I have the same problems with our validating unbound instance.

I suspect that this has to do with

dig +dnssec +norec dnskey uspto.gov @dns1.uspto.gov.
dig +dnssec +norec dnskey uspto.gov @sns2.uspto.gov.

failing with timeouts, while dig +dnssec +norec +vc dnskey uspto.gov
@dns1.uspto.gov.
dig +dnssec +norec +vc dnskey uspto.gov @dns2.uspto.gov.

work fine ... with a 1736-byte answer. Probably the fragmented
UDP response is getting lost somewhere near the authoritative
servers themselves.

But wouldn't it fall back to TCP then? Also with dig +cd I got an
instant answer, and the (old) cache dump contains the dnskey.

But it doesn't contain the RRSIGs for the DNSKEY. 'dig +norec +cdflag dnskey uspto.gov @dns1.uspto.gov' does not contain RRSIGs so it is only 1131 bytes. A non-EDNS0 query will receive the TC bit and will retry in TCP. 'dig +dnssec +norec dnskey uspto.gov @sns2.uspto.gov' has a response that includes the RRSIGs and is 1736 bytes, which on most ethernets will cause UDP fragmentation. I get a timeout when using dig with +dnssec and without +vc. However, 'dig +bufsize=1024 +dnssec +norec dnskey uspto.gov @dns1.uspto.gov' which sets an EDNS0 buffer size of 1024, does get a response, after retrying in TCP mode.

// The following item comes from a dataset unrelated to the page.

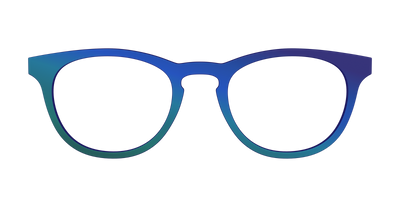 The Peacock Ombre - Front Top Thumbnail - Pair Eyewear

In other words, uspto.gov's DNS servers and network are able to send responses longer than 512 bytes, but if the response is longer than 1500 bytes, something in the network between those DNS servers and the rest of us is blocking the UDP fragments.

Note that later versions of BIND can generally deal with this, as they will lower their EDNS0 buffer sizes until they get a response.